When hitting that Source button, RStudio executes source('myfile.r', encoding = 'UTF-8')), so overriding source makes the errors disappear and runs the code as expected:
source <- function(f, encoding = 'UTF-8') {
l <- readLines(f, encoding=encoding)
eval(parse(text=l),envir=.GlobalEnv)
}
You can then add that script to an .Rprofile file, so it will execute on startup.
I encounter this problem when a try to source a .R file containing some Chinese characters. In my case, I found that merely set "LC_CTYPE" to "chinese" is not enough. But setting "LC_ALL" to "chinese" works well.
Note that it's not enough to get encoding right when you read or write plain text file in Rstudio (or R?) with non-ASCII. The locale setting counts too.
PS. the command is Sys.setlocale(category = "LC_CTYPE",locale = "chinese"). Please replace locale value correspondingly.
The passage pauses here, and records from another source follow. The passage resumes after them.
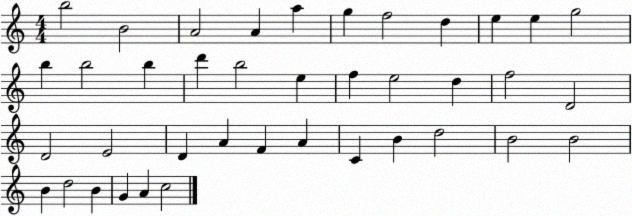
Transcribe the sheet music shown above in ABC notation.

X:1
T:Untitled
M:4/4
L:1/4
K:C
b2 B2 A2 A a g f2 d e e g2 b b2 b d' b2 e f e2 d f2 D2 D2 E2 D A F A C B d2 B2 B2 B d2 B G A c2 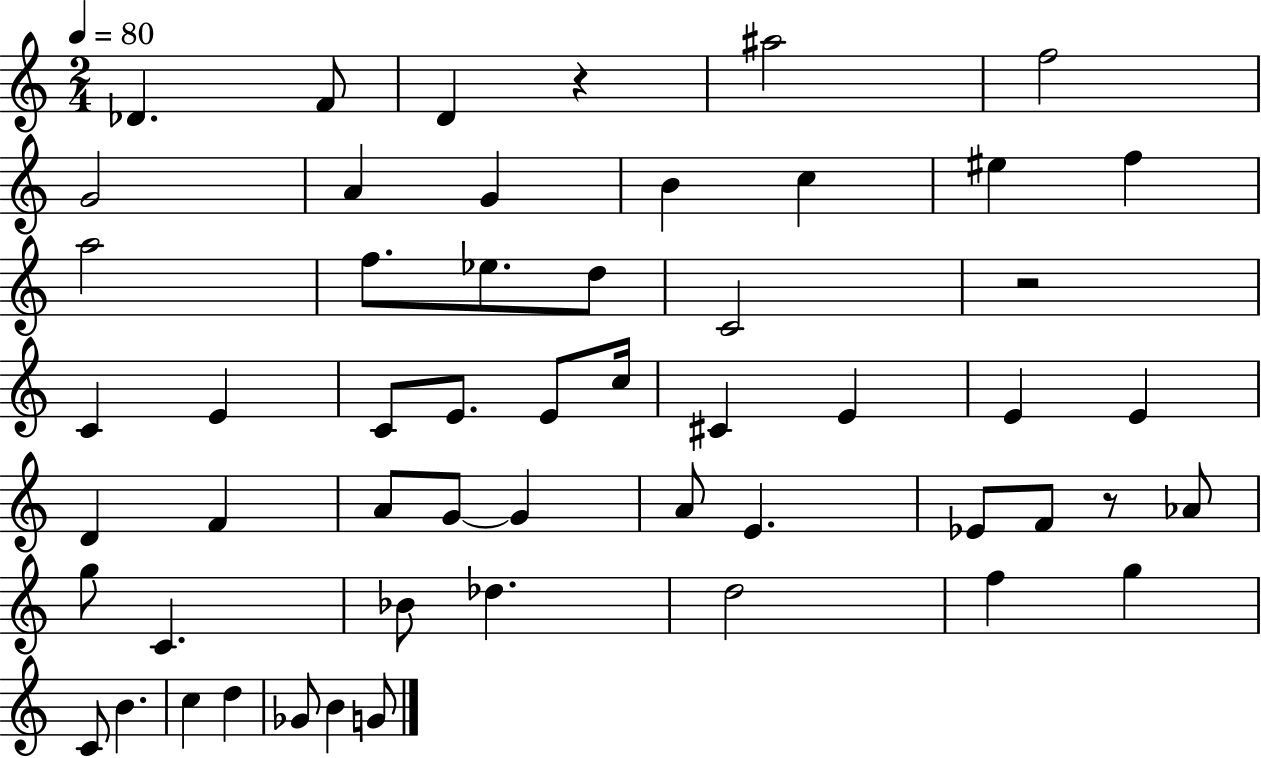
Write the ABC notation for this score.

X:1
T:Untitled
M:2/4
L:1/4
K:C
_D F/2 D z ^a2 f2 G2 A G B c ^e f a2 f/2 _e/2 d/2 C2 z2 C E C/2 E/2 E/2 c/4 ^C E E E D F A/2 G/2 G A/2 E _E/2 F/2 z/2 _A/2 g/2 C _B/2 _d d2 f g C/2 B c d _G/2 B G/2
On windows, when you copy-paste a unicode or utf-8 encoded string into a text-control that is set to single-byte-input (ascii... depending on locale), the unknown bytes will be replaced by questionmarks. If i take the first 4 characters of your string and copy-paste it into e.g. Notepad and then save it, the file becomes in hex:
52 3F 3F 3F 3F
what you have to do is find an editor which you can set to utf-8 before copy-pasting the text into it, then the saved file (of your first 4 characters) becomes:
52 E5 90 8C E6 97 B6 E4 B9 9F E8 A2 AB
This will then be recognized as valid utf-8 by [R].
I used "Notepad2" for trying this, but i am sure there are many more.